When the clock hit 0:00, the Thunder had pulled out a 114-96 home win after finally turning on the jets late and making what was far from one of the worst performances by the Suns on the year look lackluster at best.
Kevin Durant finished with 30 points on 11-of-24 shooting, and Suns forward P.J. Tucker made his first start to help defend the fellow Texas Longhorn (the Suns’ defensive ace taking Shannon Brown’s starting slot is nothing permanent, as Paul Coro reported before the game). Russell Westbrook added 24 points and nine assists.
The Suns got a 24-point performance from Luis Scola, and Marcin Gortat added 12 points and 10 rebounds, but it wasn’t good enough. It wasn’t that Phoenix played poorly so much as the Thunder picked one spot to finally get a firm grasp on the game and another to put the Suns away.
Despite personal foul issues for the Suns frontcourt in the first half, head coach Alvin Gentry refused to go deep into the bench as the game remained close. Jermaine O’Neal and Tucker picked up three personal fouls in the first half, while Scola and Gortat each had two fouls going into halftime.
Because O’Neal had the hot hand in the first half, Gentry even rolled with a two-center lineup for a few minutes as Gortat reentered in the second quarter.
Michael Beasley didn’t play — Tucker and O’Neal ate up most of those available minutes — and Sebastian Telfair was productive despite suffering from flu-like symptoms. He led the team with nine first-half points and finished with nine as the Suns trailed 54-53 at halftime.
Finding themselves down by seven points a couple of times in the first half, Phoenix appeared about to give up one of those patented runs to one of the best teams in the NBA. Each time, however, they would avoid any deep wounds.
That trend ended in the second half.
Oklahoma City started the third quarter on a 12-0 run to force Gentry into a timeout less than four minutes into the period.
All of a sudden, the flood gates had opened, and while it was momentary, it was the first of two big runs the Thunder would put on Phoenix in the game. The Suns came out of the timeout more focused and won the final 8:22 of the third to trail 84-78 going into the fourth quarter. Scola was the main reason for that, as the power forward had 14 points in the quarter.
Phoenix came within two points, 87-85, with nine minutes to play, but the Thunder turned it on then-forth, outscoring the Suns 29-13 the rest of the way to beat them 30-18 in the final period.
In the Thunder runs, the Suns succumbed to turnovers.

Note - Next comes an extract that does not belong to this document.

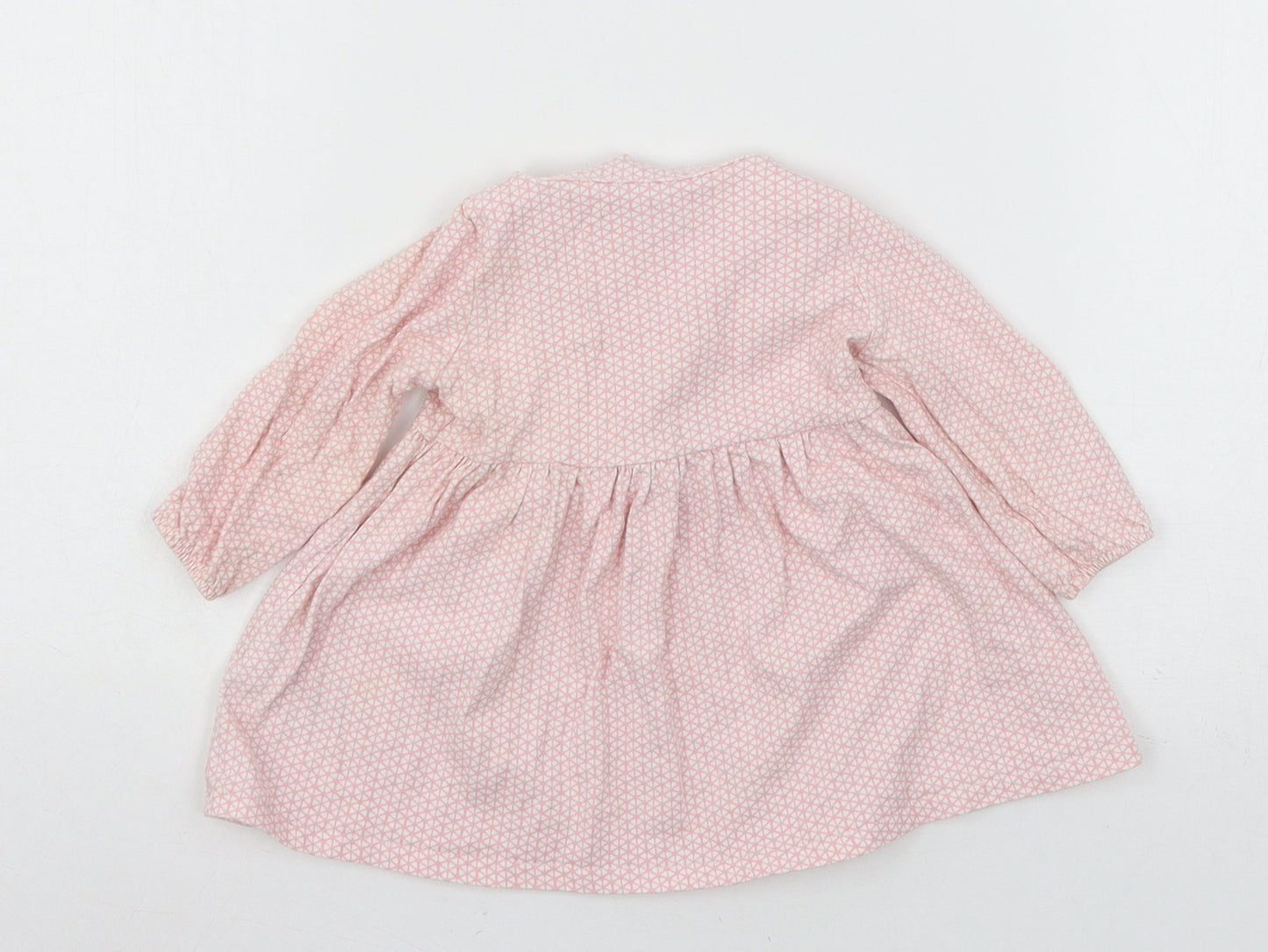 NEXT Girls Pink Polka Dot Jersey Skater Dress  Size 3-6 Months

They had 15 total turnovers on the evening but that resulted in 17 points for Scott Brooks’ team.
Thirteen of those points came in the second half, and compared to the Suns’ scoring just four points off five total Thunder turnovers, the Oklahoma City defense was once again what won the Thunder a game that, otherwise, appeared to be a walk in the park.

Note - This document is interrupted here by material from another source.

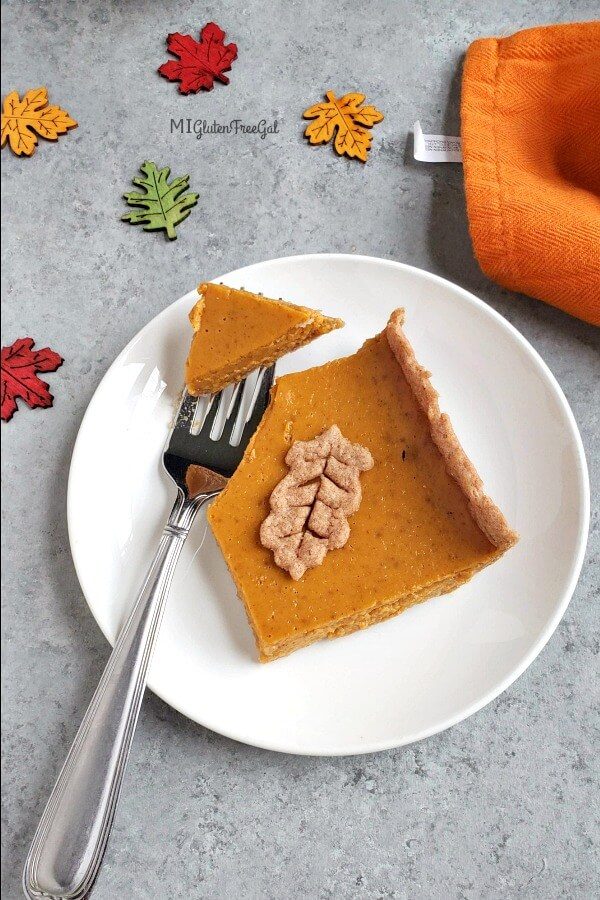 Grain Free Pumpkin Slab Pie Closeup Overhead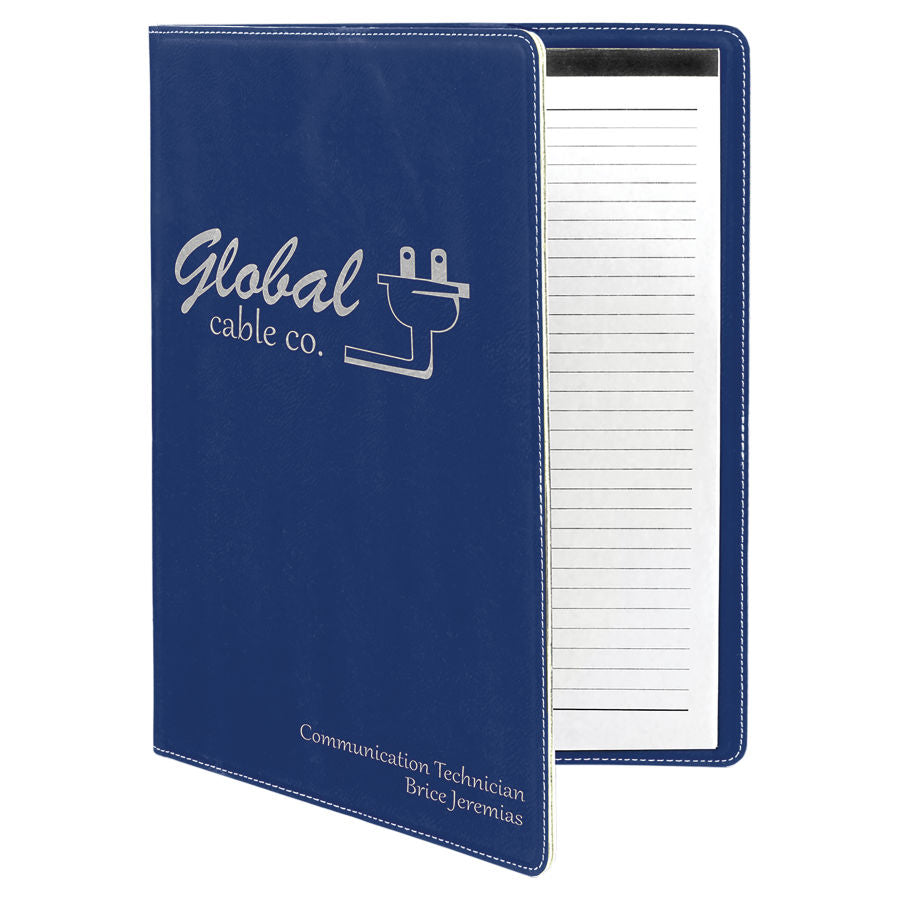 Blue/Silver Leatherette Portfolio with Notepad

Again, the Suns’ problem could very well be the talent level. They weren’t poor offensively and actually moved the ball as well as any game in recent memory for the first 38 minutes of the game. Phoenix hit 47.4 percent of its field goals, and got open three-point looks they generally didn’t hit, making eight of the 24 opportunities.

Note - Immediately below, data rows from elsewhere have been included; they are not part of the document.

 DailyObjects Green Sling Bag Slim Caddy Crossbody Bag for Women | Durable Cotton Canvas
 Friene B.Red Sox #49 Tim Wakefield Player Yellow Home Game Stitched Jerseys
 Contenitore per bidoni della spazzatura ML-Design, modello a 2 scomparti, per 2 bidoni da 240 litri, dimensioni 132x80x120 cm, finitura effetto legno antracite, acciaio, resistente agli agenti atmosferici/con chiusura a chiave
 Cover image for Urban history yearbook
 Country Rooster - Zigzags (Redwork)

They did a decent job of winning the bench totals (30 points to 26 by Oklahoma City), as O’Neal led the way with 12 points and five rebounds. But it’s a bad sign for an NBA team one night before the year 2013 to have its fourth-quarter offense being run through O’Neal, and it’s a bad sign when one of the league’s bench scorers, Kevin Martin, scores six on 2-of-12 shooting yet has his team easily roll.
As has been the case during the now six-game losing streak, Phoenix broke down when it mattered most, making a solid outing for the most part look poor when the score went final.